[[ DATA UNDER STUDY open ]]

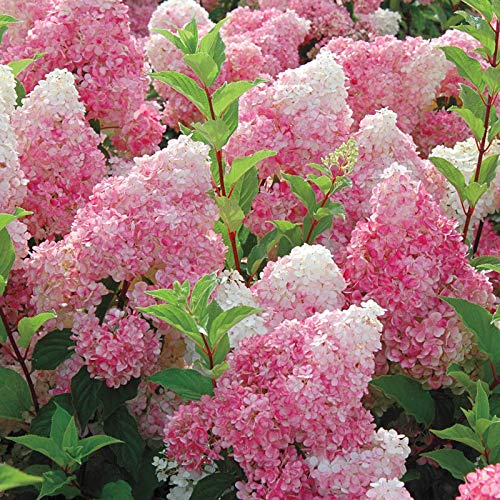 Hydrangea Seed: Unlock Nature's Beauty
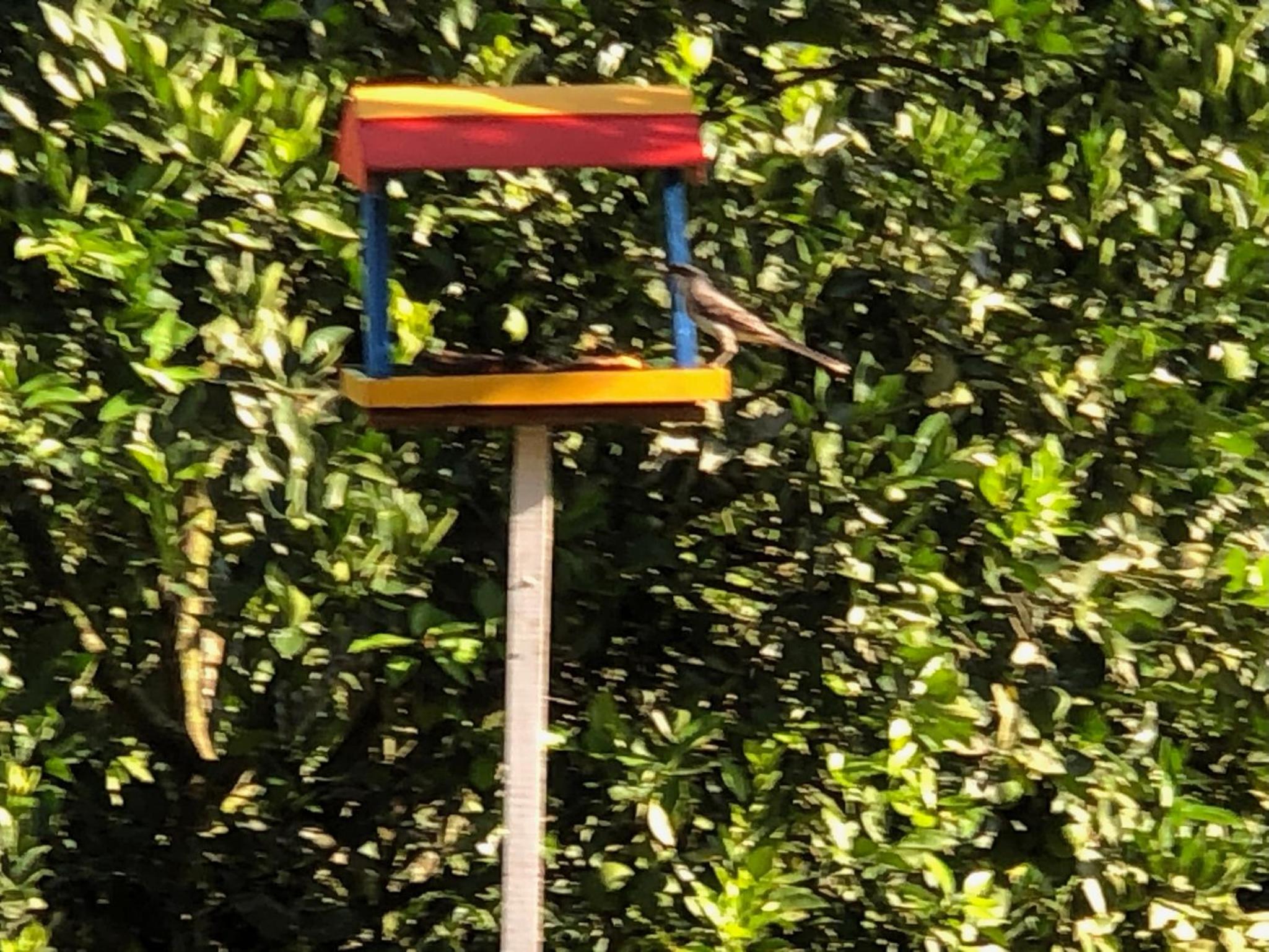 Finca el troya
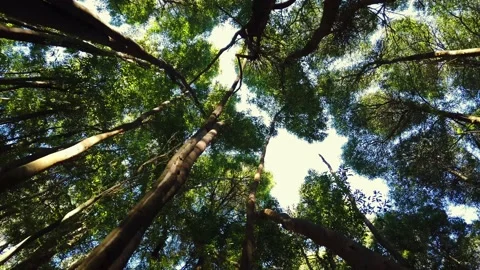 Low angle dolly shot look up view in forest. Stock Footage 154394033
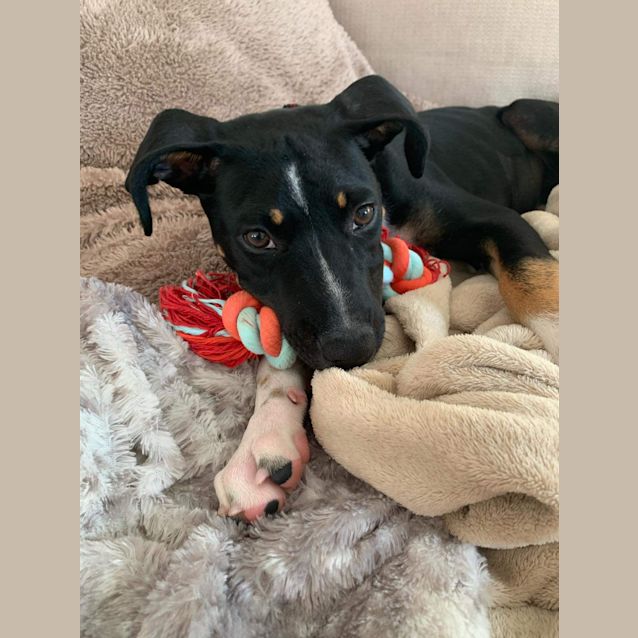 Photo of Polly Waffle 🧇  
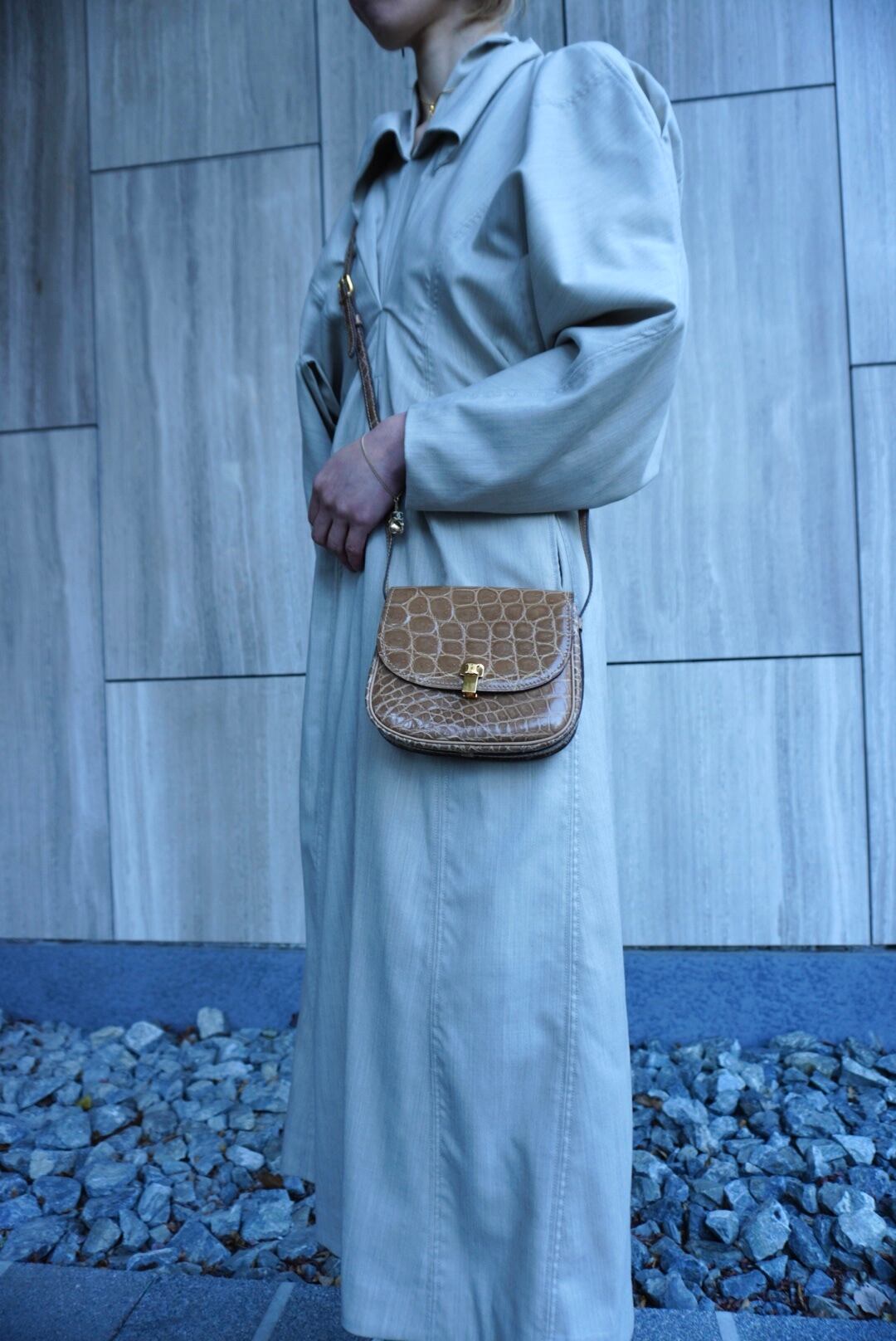 日本直送 名牌中古包 】CELINE セリーヌ ショルダーバッグ ブラウン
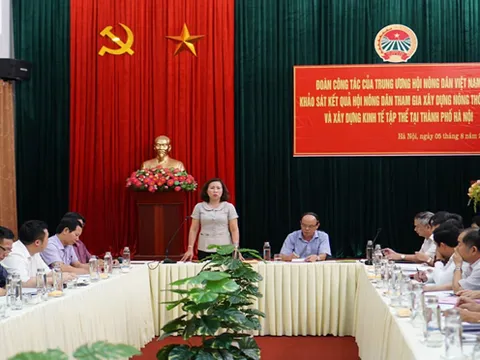 Hà Nội có 3 xã về đích nông thôn mới nâng cao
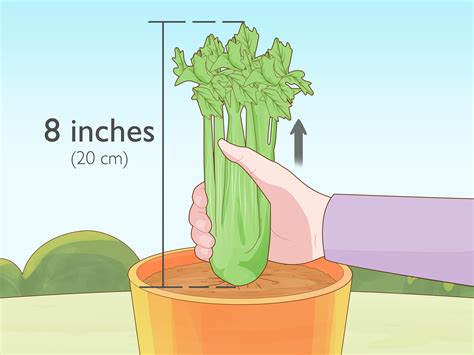 3 Ways to Grow Celery Indoors - wikiHow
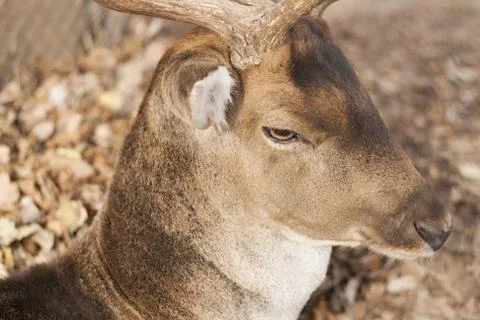 Deer close up Foto stock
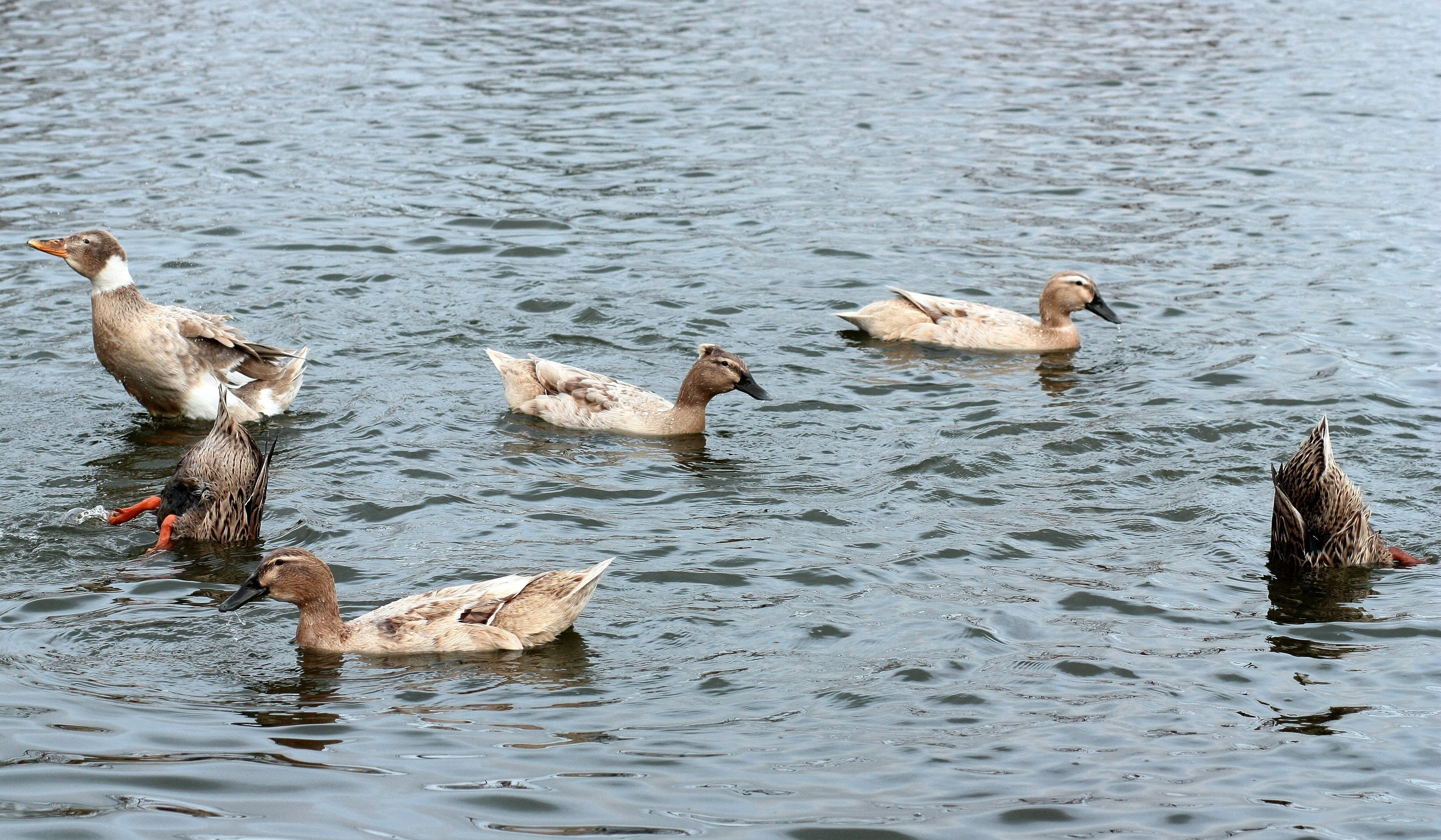flocks of duck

[[ DATA UNDER STUDY closed ]]

**WORK ORDER**. Print out the records in full and exactly, dropping every picture.

**EXPECTED ANSWER**.
 Hydrangea Seed: Unlock Nature's Beauty
 Finca el troya
 Low angle dolly shot look up view in forest. Stock Footage 154394033
 Photo of Polly Waffle 🧇  
 日本直送 名牌中古包 】CELINE セリーヌ ショルダーバッグ ブラウン
 Hà Nội có 3 xã về đích nông thôn mới nâng cao
 3 Ways to Grow Celery Indoors - wikiHow
 Deer close up Foto stock
flocks of duck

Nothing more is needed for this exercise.